Google Cloud wants to make it easier for data scientists to share models

Today, Google Cloud announced Kubeflow pipelines and AI Hub, two tools designed to help data scientists put to work across their organizations the models they create.

Rajen Sheth, director of product management for Google Cloud’s AI and ML products, says that the company recognized that data scientists too often build models that never get used. He says that if machine learning is really a team sport, as Google believes, models must get passed from data scientists to data engineers and developers who can build applications based on them.

To help fix that, Google is announcing Kubeflow pipelines, which are an extension of Kubeflow, an open-source framework built on top of Kubernetes designed specifically for machine learning. Pipelines are essentially containerized building blocks that people in the machine learning ecosystem can string together to build and manage machine learning workflows.

By placing the model in a container, data scientists can simply adjust the underlying model as needed and relaunch in a continuous delivery kind of approach.
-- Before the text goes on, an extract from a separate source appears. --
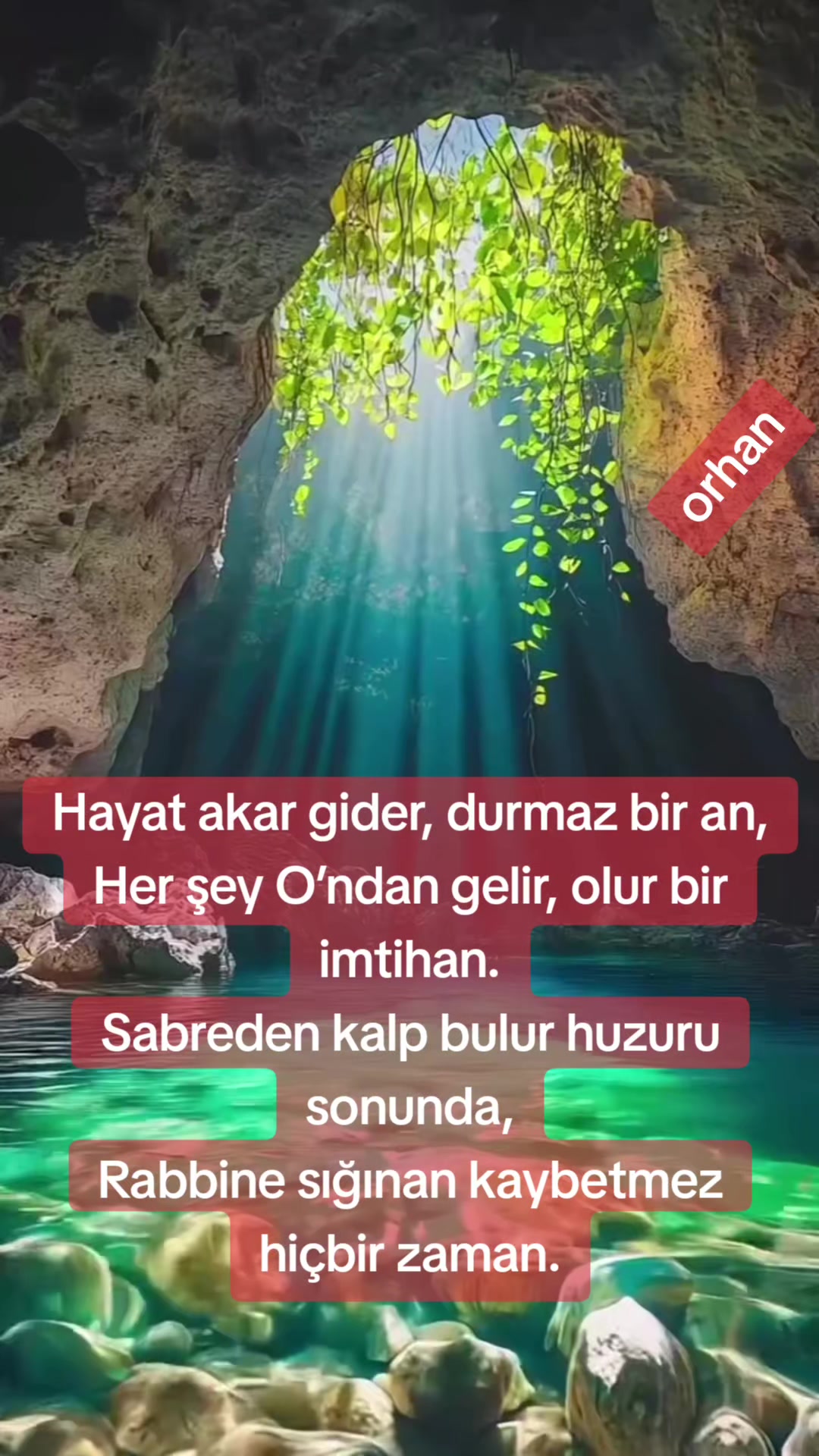 @yılmaz Çetinkaya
Sheth says this opens up even more possibilities for model usage in a company.

“[Kubeflow pipelines] also give users a way to experiment with different pipeline variants to identify which ones produce the best outcomes in a reliable and reproducible environment,” Sheth wrote in a blog post announcing the new machine learning features.

The company is also announcing AI Hub, which, as the name implies, is a central place where data scientists can go to find different kinds of ML content, including Kubeflow pipelines, Jupyter notebooks, TensorFlow modules and so forth. This will be a public repository seeded with resources developed by Google Cloud AI, Google Research and other teams across Google, allowing data scientists to take advantage of Google’s own research and development expertise.

But Google wanted the hub to be more than a public library — it also sees it as a place where teams can share information privately inside their organizations, giving it a dual purpose. This should provide another way to extend model usage by making essential building blocks available in a central repository.

AI Hub will be available in Alpha starting today with some initial components from Google, as well as tools for sharing some internal resources, but the plan is to keep expanding the offerings and capabilities over time.

Google believes if it provides easier ways to share model building blocks across an organization, the more likely they will be put to work. These tools are a step toward achieving that.